Hello all,
Thank you, thank you, for all of your comments and suggestions. I don't take offense to any of them and appreciate all of your advice. Last night was horrible. I spent most of it crying. My son has had more rage and said more threatening things to me in the past six months (since the engagement) than ever in his life. So he called to tell me that he had mailed the packages for the Christmas exchange and they would arrive on Christmas Eve. I said great and then asked how he was doing. He had a hard and angry tone and throughout the remainder of our conversation, he escalated into yelling. I kept talking quietly and calmly, trying to get him to come down. He kept ramping and went into this diatribe about the ex, how she ruined his life, threatened to take his daughter out of state which caused the current court case (establishing his parenthood and visitation and keeping her from moving out of state, since they weren't married) yada yada yada. I asked him why he was even talking about her if it made him so upset and he said that if I ever spoke to her again, for any reason, even to arrange pick up of his daughter, our relationship was over. Wow, I felt socked in the gut. I reminded him of the many conversations we had before when I told him I have no relationship with her, she isn't my buddy and that I was the one who said he needed to get a lawyer and fast to keep his daughter from leaving the state. That suggestion came with a $1500 check (gift from my husband and I) to help with the attorney fees. He then said...rather screamed (another gut punch) that the $1500 was gone in the blink of an eye. I told him that sounded really ungrateful and possibly like he expected something from me.
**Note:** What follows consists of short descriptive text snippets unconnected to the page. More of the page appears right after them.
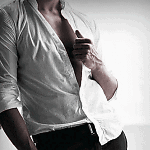 Nate DudeUltra 2026-04-091297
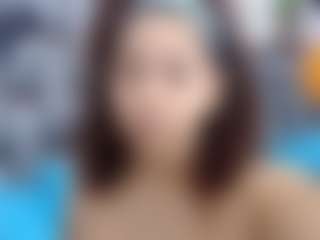 RebeccaMils's Live Sex Cam Show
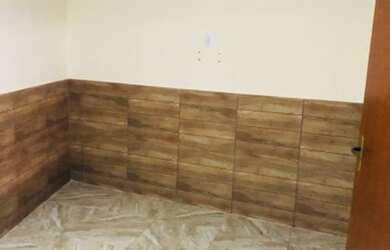 Imagem 8: Realengo - Av Brasil - Rua Manaus - Agua Branca - atrás LUMINOSA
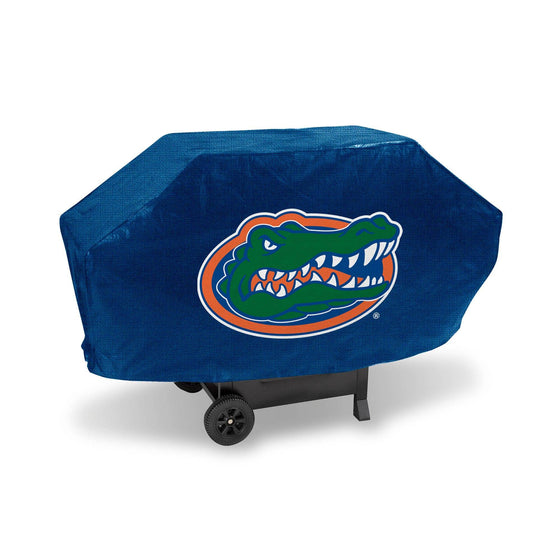 FLORIDA Gators EXECUTIVE GRILL COVER (Rico) - 757 Sports Collectibles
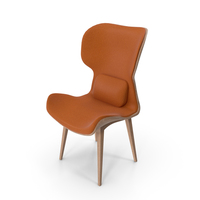 Stylish Chair PNG & PSD Images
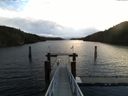 ./images/calvert/dock/20151114/dock20151114_085003.jpg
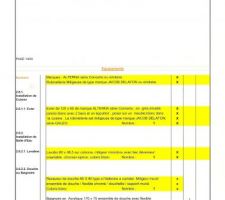 Fiche descriptive CCMI 10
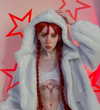 zira_merz Altpins Profile Picture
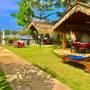 Горящие туры в отель Hotel Hemadan - 6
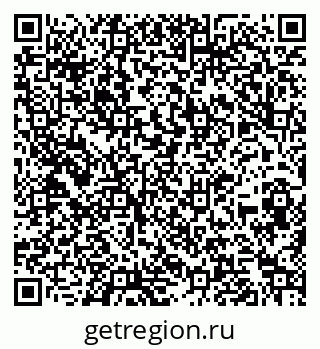 79260809374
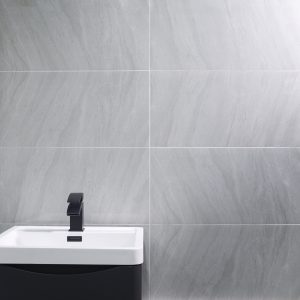 Pieria Silver Tiles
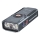 Fenix E06RGRY - LED Prigušiva punjiva baterijska lampa LED/USB IP66 700 Im 60 h sivo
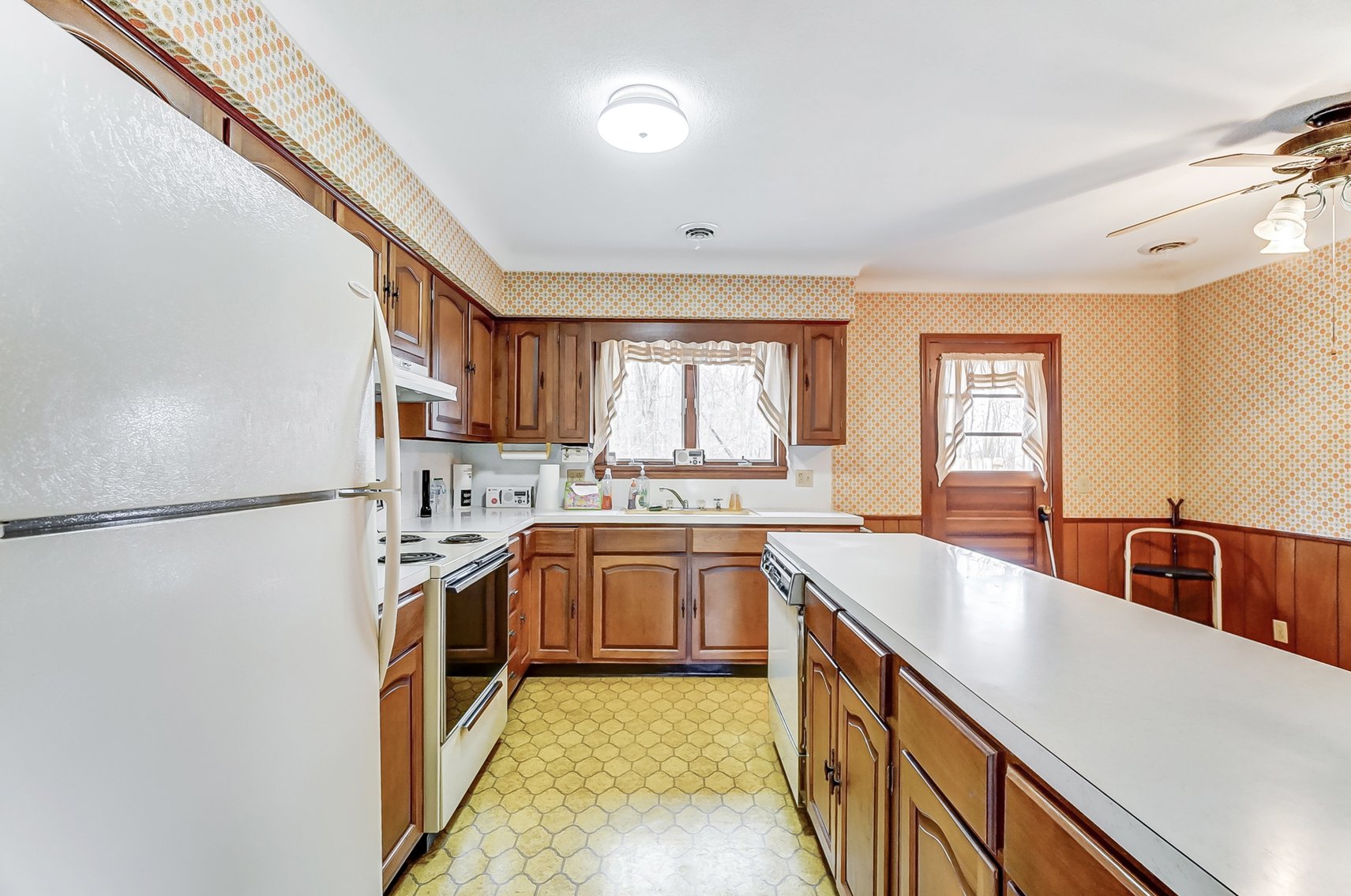 Image for 6719 BLOOMDALE RD, BLOOMDALE, OH 44817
When he split from his ex, my husband and I helped him get into an apartment by paying the deposit and first months rent, bought a crib and car seat and$500 of household supplies at Wal Mart. We have done a ton and it is obviously not appreciated. My husband and I work very hard and are not rich by any stretch. After his prior requests for money, I finally told him he needs to stop asking people for money and be a man who takes care of his own life. That was several months ago. I have not been tempted to offer money again.
So the phone call ended with me saying that I couldn't calm him down and I was getting very hurt and I needed to hang up for me. I told him I loved him and I told him goodbye, Then I cried for half an hour. After much reflection and realization that this is indeed his fiances insecurity I did write her a letter via email. Remember, they live in New Mexico and we live in Seattle. I have only spent time with her twice because of the distance. If the letter doesn't help and the situation continues, I think I will just let them live their live without our family in it. I can't go on getting abused and they need to figure out this mess they are in. If the letter helps, great. Life goes on. But I will do whatever I need to do to see my granddaughter, so if I am not in my son's life I will contact the ex and arrange time with her daughter. The hardest part about being a parent of grown children is watching them destroy their lives. Love and cherish those babies of yours. I adored mine and still do. Below is the letter I wrote. Have a wonderful day!
Dear F,
I so wish we lived closer and we could go have lunch and a nice conversation. For now, this will have to do.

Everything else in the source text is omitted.